PROBLEM DETAILS: Repeat exactly, and only, the lines from the one containing "The Grave of" through the end of the records.

======== DATA UNDER STUDY

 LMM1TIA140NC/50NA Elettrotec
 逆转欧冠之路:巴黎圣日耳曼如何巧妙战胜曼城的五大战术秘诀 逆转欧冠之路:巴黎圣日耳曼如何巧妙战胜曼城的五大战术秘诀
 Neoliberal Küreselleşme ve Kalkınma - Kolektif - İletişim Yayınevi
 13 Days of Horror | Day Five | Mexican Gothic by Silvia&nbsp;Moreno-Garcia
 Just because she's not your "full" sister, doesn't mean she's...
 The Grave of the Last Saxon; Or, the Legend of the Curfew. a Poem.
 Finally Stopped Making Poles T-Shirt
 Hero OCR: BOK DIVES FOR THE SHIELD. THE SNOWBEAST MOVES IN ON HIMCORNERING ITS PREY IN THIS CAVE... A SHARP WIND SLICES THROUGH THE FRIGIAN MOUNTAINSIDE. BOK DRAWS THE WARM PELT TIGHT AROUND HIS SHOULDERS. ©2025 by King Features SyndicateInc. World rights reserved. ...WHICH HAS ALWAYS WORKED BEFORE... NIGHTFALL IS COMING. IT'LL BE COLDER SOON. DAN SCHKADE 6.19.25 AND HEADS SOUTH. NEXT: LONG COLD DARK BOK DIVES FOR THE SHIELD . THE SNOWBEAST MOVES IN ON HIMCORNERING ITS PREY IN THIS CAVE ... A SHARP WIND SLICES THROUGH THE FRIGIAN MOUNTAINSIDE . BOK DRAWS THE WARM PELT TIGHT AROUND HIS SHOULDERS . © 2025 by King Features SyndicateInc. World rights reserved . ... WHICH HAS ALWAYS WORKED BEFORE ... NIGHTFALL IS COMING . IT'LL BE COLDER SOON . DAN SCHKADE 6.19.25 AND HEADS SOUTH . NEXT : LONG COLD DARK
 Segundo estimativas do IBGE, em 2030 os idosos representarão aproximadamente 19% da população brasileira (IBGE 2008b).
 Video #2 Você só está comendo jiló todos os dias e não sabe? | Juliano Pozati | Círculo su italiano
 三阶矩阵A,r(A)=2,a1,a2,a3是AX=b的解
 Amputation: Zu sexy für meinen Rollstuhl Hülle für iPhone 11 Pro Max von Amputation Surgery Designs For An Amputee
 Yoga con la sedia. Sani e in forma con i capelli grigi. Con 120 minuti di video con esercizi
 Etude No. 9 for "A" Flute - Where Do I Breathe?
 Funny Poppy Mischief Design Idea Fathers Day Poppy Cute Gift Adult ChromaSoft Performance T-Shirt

================

WRITTEN SOLUTION:
 The Grave of the Last Saxon; Or, the Legend of the Curfew. a Poem.
 Finally Stopped Making Poles T-Shirt
 Hero OCR: BOK DIVES FOR THE SHIELD. THE SNOWBEAST MOVES IN ON HIMCORNERING ITS PREY IN THIS CAVE... A SHARP WIND SLICES THROUGH THE FRIGIAN MOUNTAINSIDE. BOK DRAWS THE WARM PELT TIGHT AROUND HIS SHOULDERS. ©2025 by King Features SyndicateInc. World rights reserved. ...WHICH HAS ALWAYS WORKED BEFORE... NIGHTFALL IS COMING. IT'LL BE COLDER SOON. DAN SCHKADE 6.19.25 AND HEADS SOUTH. NEXT: LONG COLD DARK BOK DIVES FOR THE SHIELD . THE SNOWBEAST MOVES IN ON HIMCORNERING ITS PREY IN THIS CAVE ... A SHARP WIND SLICES THROUGH THE FRIGIAN MOUNTAINSIDE . BOK DRAWS THE WARM PELT TIGHT AROUND HIS SHOULDERS . © 2025 by King Features SyndicateInc. World rights reserved . ... WHICH HAS ALWAYS WORKED BEFORE ... NIGHTFALL IS COMING . IT'LL BE COLDER SOON . DAN SCHKADE 6.19.25 AND HEADS SOUTH . NEXT : LONG COLD DARK
 Segundo estimativas do IBGE, em 2030 os idosos representarão aproximadamente 19% da população brasileira (IBGE 2008b).
 Video #2 Você só está comendo jiló todos os dias e não sabe? | Juliano Pozati | Círculo su italiano
 三阶矩阵A,r(A)=2,a1,a2,a3是AX=b的解
 Amputation: Zu sexy für meinen Rollstuhl Hülle für iPhone 11 Pro Max von Amputation Surgery Designs For An Amputee
 Yoga con la sedia. Sani e in forma con i capelli grigi. Con 120 minuti di video con esercizi
 Etude No. 9 for "A" Flute - Where Do I Breathe?
 Funny Poppy Mischief Design Idea Fathers Day Poppy Cute Gift Adult ChromaSoft Performance T-Shirt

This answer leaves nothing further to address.